The footage serves as a testament to the band’s enduring power as a live act, a reputation they have upheld relentlessly throughout 2025. This past year also saw them traversing North America to celebrate the 35th anniversary of their seminal sophomore record, Cause of Death, with a stacked support bill featuring Nails, Terror, Spiritworld, and Pest Control.
With their latest studio effort, Dying Of Everything (2023), now nearly three years old, questions about a follow-up are beginning to surface. This past summer, bassist Terry Butler gave a tempered update to “RichardMetalFan,” suggesting that while the gears are turning, the machine isn’t fully in motion yet.
“We’re just kind of talking about, hey, maybe by ’26 or ’27 we’ll have another album out, possibly,” Butler revealed. “We haven’t set any kind of release date. There’s really no songs even recorded yet or anything like that. It’s just kind of just amongst ourselves kind of kicking ideas around. That’s it.”
The chemistry visible in the new Dynamo footage is the result of over four decades of brotherhood. In a 2023 interview with Invisible Oranges, drummer Donald Tardy reflected on the band’s incredible longevity, attributing their survival to the bond he shares with his brother, vocalist John Tardy, and guitarist Trevor Peres.

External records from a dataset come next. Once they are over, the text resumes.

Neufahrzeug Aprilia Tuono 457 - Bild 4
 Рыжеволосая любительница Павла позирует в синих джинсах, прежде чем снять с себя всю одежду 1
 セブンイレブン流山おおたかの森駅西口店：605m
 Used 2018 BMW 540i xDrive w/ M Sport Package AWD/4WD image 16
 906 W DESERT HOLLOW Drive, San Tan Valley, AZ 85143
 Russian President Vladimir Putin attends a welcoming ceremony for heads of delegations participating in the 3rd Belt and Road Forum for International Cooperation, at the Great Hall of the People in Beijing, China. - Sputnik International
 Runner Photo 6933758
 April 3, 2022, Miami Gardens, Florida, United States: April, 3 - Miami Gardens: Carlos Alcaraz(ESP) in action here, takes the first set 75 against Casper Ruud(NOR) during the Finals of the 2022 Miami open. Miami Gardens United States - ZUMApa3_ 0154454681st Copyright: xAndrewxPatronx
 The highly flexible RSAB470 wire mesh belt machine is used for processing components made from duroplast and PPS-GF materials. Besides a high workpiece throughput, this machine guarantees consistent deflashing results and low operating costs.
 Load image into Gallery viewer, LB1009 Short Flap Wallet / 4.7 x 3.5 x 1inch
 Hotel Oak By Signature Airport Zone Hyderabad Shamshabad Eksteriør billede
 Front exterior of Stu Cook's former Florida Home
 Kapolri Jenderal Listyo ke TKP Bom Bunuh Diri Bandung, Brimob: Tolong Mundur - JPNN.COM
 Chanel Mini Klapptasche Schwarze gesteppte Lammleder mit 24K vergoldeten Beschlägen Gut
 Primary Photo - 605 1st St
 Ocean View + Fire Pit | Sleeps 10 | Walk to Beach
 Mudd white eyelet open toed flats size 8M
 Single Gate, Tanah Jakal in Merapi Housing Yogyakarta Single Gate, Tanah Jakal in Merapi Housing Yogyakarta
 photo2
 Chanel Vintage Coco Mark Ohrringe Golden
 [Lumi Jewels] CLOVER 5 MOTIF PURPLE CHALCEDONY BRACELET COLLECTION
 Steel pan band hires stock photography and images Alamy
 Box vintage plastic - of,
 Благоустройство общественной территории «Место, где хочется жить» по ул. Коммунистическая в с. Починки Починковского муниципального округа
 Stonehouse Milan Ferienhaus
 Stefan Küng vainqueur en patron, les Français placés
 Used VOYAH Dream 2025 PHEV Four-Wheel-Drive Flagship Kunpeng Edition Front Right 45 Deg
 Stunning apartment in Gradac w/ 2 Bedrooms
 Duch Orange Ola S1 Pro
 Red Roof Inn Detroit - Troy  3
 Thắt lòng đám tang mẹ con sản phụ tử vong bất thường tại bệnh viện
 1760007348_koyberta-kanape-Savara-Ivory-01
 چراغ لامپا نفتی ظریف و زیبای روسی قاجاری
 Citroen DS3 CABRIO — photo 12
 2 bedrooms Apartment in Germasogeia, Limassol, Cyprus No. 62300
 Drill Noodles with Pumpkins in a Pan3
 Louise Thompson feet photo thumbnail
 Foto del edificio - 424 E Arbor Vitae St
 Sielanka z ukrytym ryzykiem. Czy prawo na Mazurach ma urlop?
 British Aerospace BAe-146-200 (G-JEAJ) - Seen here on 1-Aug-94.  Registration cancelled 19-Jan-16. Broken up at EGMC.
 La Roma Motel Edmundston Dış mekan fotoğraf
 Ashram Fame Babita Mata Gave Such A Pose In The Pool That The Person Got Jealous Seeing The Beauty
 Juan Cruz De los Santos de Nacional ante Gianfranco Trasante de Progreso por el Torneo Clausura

“My brother and I moved to Tampa, Florida from Miami, Florida in 1980. Within minutes, I met Trevor and I was only a 10-year-old kid. And by the time we were 12 years old, we already had the bug and we knew what we wanted; we wanted to be a band,” Donald explained. “And we’ve been best friends for 40-something years… We’re lifetime friends, and, genuinely, we have a good time together. We’re fortunate that we found each other in life, and we’re good friends. And that’s the success plan that kept Obituary together now for going on 35 years.”
He also emphasized that at this stage in their career, quality control is paramount. Discussing the gap before Dying Of Everything, he noted: “I’m not 20 years old anymore, and there’s not that many more albums coming out of Obituary. This was the 11th one; this was the one we knew was super important.”
Part of the band’s stamina may be owed to their time apart. Obituary famously went on hiatus in 1997, a break that lasted several years. Speaking to Kerrang!, Donald Tardy admitted that stepping away was crucial for their current “second career.”
“Hindsight is 20/20. At the time we didn’t know if that break was going to be one year, two years, six years or whatever it was,” he said. “But, looking back, it was fantastic for us to step away and recharge, to get away from the music industry and that scene at the age that we were. And we were gone for long enough that we were hungry again when we got back onstage… Our ‘second career’ has lasted longer than a lot of bands’ entire existences.”